Jews Should Not Echo the Claim of ‘Systemic Police Racism’

Public Safety Policing, Crime Control

It’s not only incorrect, but will harm Jewish and Black Americans in the long run

There is a popular narrative that “systemic” racism lies behind every police interaction with Black civilians in America. It’s wrong, and its impact is not only bad for Black communities—it is also very bad for American Jews. Unfortunately, it is a message that Jews nationwide are rallying behind, and has negatively affected how people think about race in academia, business, international relations, and beyond—making it more acceptable to discriminate against and assault Jews, who may eventually find fewer police officers around to protect them.

Videos and accounts of police violence and police misconduct are deeply disturbing, and there is no question that personal and cultural biases affect a number of officers within the ranks of our police departments. But we do a disservice to the goal of greater justice to attribute all police uses of force, all police abuses of power, or even all police incompetence to racism.

The past year’s waves of anti-police protests and hastily arranged changes to crime policy and police budgets are primarily about racial disparities in policing outcomes—as the umbrella for this movement, Black Lives Matter (BLM), makes clear. But there are faults both in the premise and in the approach of this movement that are sacrificing public safety while disproportionately costing Black lives and propagating antisemitism.

This is, first and foremost, because of the “reimagine policing” rhetoric that has built up around BLM—a kind of utopian thinking that leaps over the very concrete, real-world progress in policing methodology, guidelines, accountability, and culture that American cities have made since the 1990s, instead simply insisting that we should live in a society without law enforcement. Sure, why not? Except for the fact that policing provides the fundamental safety necessary for all citizens to thrive. This protection sometimes requires either use of force or the threat of its use, and creates a profound though legitimate imbalance between authority and the public. But without it, no one is safe.

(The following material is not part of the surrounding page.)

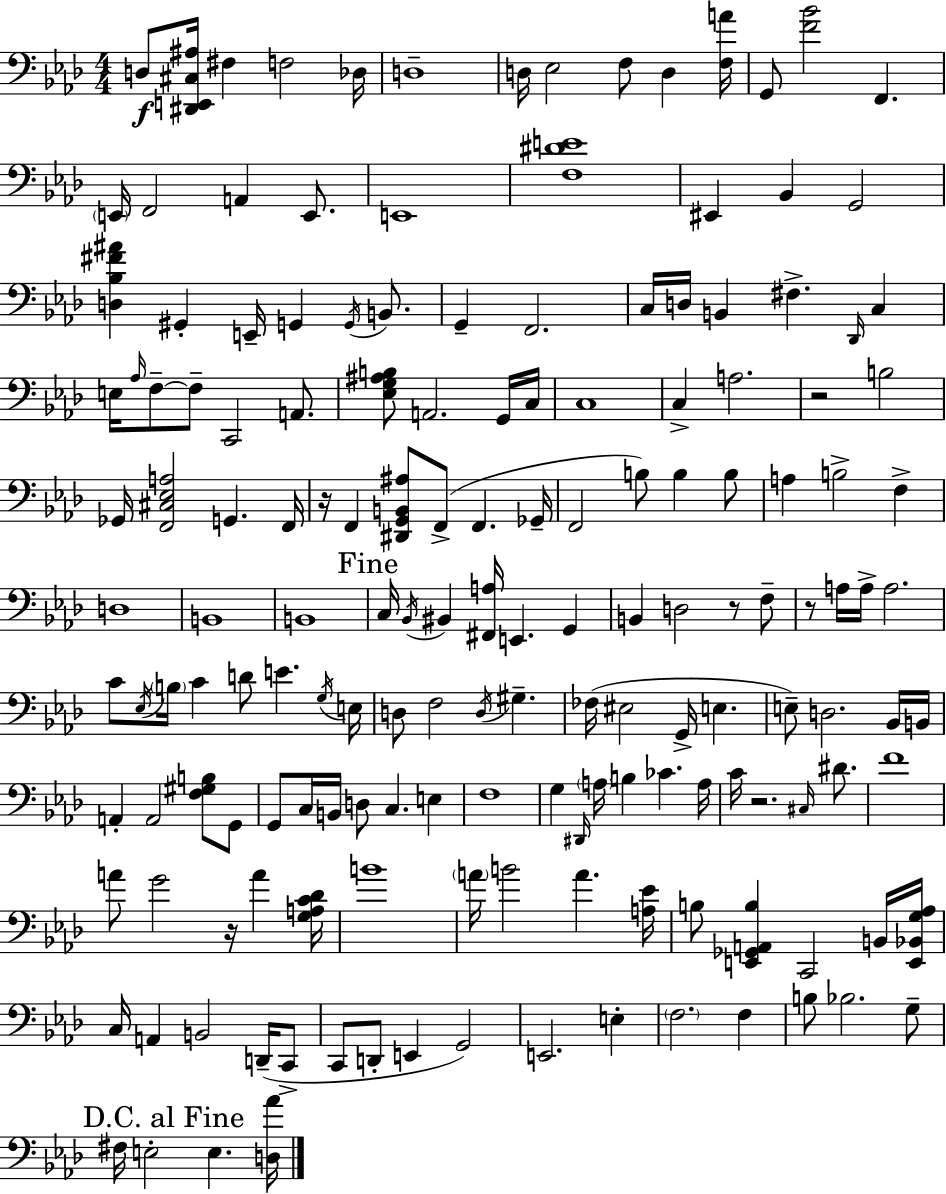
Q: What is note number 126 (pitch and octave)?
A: B2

BLM asserts that any negative interaction between police and Black civilians is a manifestation of racism. It is true that Black citizens are more likely than others to be involved in violent confrontations with police. But here is why: The extent of police interaction with different racial groups depends very much on rates of crime victimization and crime commission. According to the U.S. Department of Justice’s Bureau of Justice Statistics, 35.9% of serious, nonfatal violent crimes are committed by Black offenders—disproportionate to their percentage of the population (around 13.4%). Furthermore, more than half of all murders nationwide in 2019 were committed by Black offenders, according to FBI data that tracks homicides where the race of the offender was known. Over 90% of these murder victims were also Black—as were more than 40% of all murder victims nationwide whose race was known.

While studies show a public belief that Black civilians comprise upwards of 60% of people killed by police, the actual reported figure for 2019 was 23.4%, below the reported rate of violent crime commission. In other words, while “systemic racism” makes for a tidy narrative about crime and policing, it’s false. By buying into this narrative and creating policy based on it, we are setting American criminal justice and public safety on a faulty footing.

"Many of the country’s biggest police forces, including the NYPD, are majority minority. Some, like the Atlanta PD, are majority Black."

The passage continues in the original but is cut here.